Madam Deputy Speaker Kelly, you are also from Queensland. You understand the hypocrisy that is practised by those members opposite; you understand the hypocrisy that is practised by the Australian Education Union as they use young children to get propaganda to condemn this fine federal government and its efforts with regard to education. I am sure that you would join with me in expressing concern that the TAFE system is now being subjected to exactly the same kind of misleading nonsense by exactly the same union whose sole purpose is to have the member for Dobell as the education minister in a Labor government. It is a would-be Labor government that cannot qualify for one moment where the money is coming from to meet the cost of the obligations that they are making often behind closed doors and behind cupped hands all around this country. The magic pudding economics of those opposite got us into trouble before. When you hear the member for Dobell in here complaining about cuts in the first couple of budgets of this government, every one of those cuts—

Ms Kernot —It is true.

Mr HARDGRAVE —The member for Dickson says it is true. Member for Dickson, you were in the other place and you—as the then Leader of the Democrats before you swam away to join the Labor ship—had the opportunity to assist this country in a far greater way than you ever did in preventing the sort of debt level that the previous government generated. In fact, every time you hear the word `cuts' of any form to any allocation, the blame for cutbacks is always sheeted home to the Australian Labor Party, because they clocked up a $96 billion debt in the household that is the Commonwealth of Australia. They clocked up this massive debt and left young Australians—people as young as my own children, people who are apprentices today—with the circumstance of debt around their neck. Unless this government had shown the sort of responsible economic management that it had to show to get rid of that debt, and fast, this country would be in a very parlous state indeed. When those members opposite come in here and complain about cuts to government expenditure in the early years of this government, we must remind everybody that the cuts were brought about because of the poor standard of understanding of how the economy works which is in fact evidenced every day by the sorts of questions that are asked of the Treasurer and the Prime Minister by those members opposite.

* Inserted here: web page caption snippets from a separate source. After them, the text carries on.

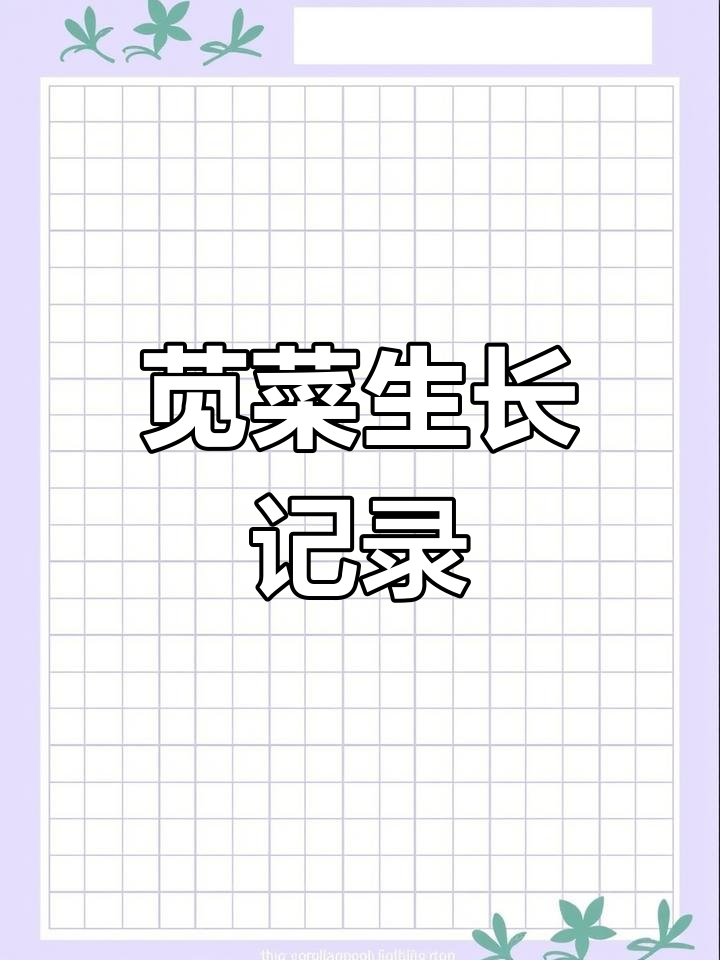 阳台苋菜15天成长记,耐热易种,管理轻松!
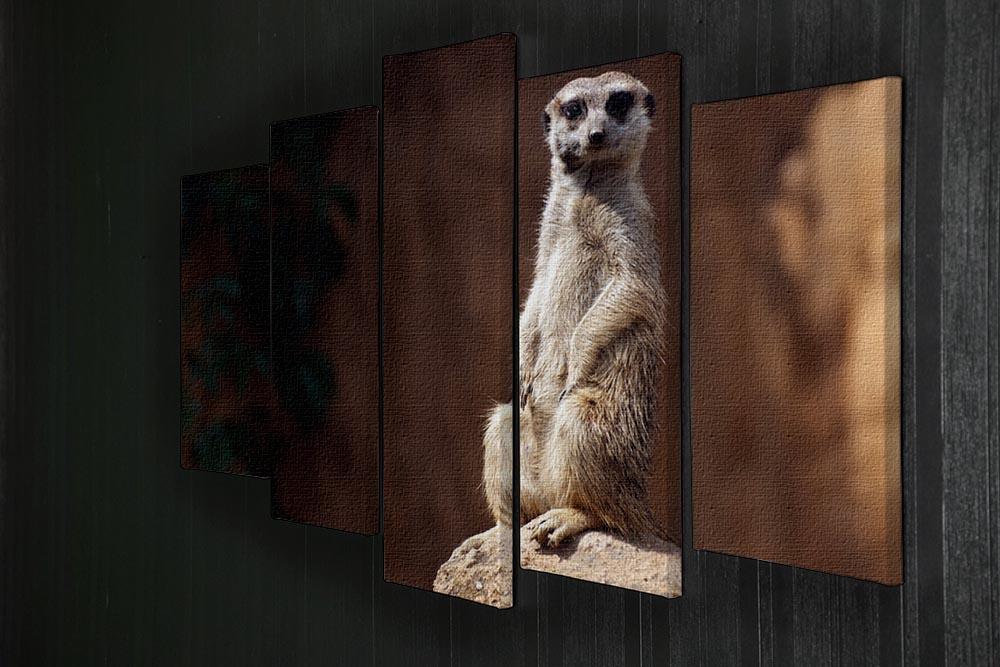 Standing African suricata meerkat 5 Split Panel Canvas - Canvas Art Rocks - 2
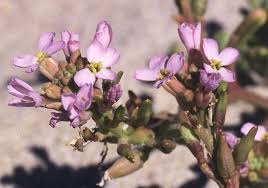 Attēlu rezultāti vaicājumam “Cakile maritima subsp. baltica leaf”
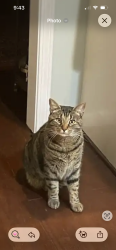 Lost Male Cat last seen Mountain island Lake, Charlotte, NC 28214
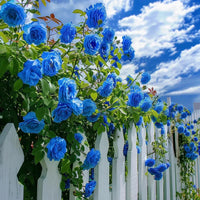 Blau kletternd Rose Blumensamen zur Aussaat leuchtend Blüten Traditionssorte & ohne Gentechnik Samen Hausgarten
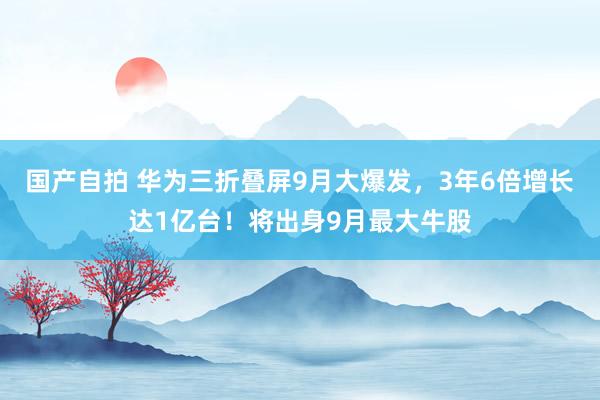 国产自拍 华为三折叠屏9月大爆发，3年6倍增长达1亿台！将出身9月最大牛股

The Vocational Education and Training Funding Amendment Bill 2001 is very important. This bill is about providing record amounts of funding to a very important area, an area that was left languishing under the previous Labor Party, an area that this government has improved tremendously, providing opportunities to well over 300,000 Australians—double what they had in 1995. Despite their massive debt, they never directed into this sector the sort of funds that this government is. Therefore, I am happy to support the legislation and, in doing so, praise the ongoing personal effort and commitment of the minister, Dr David Kemp.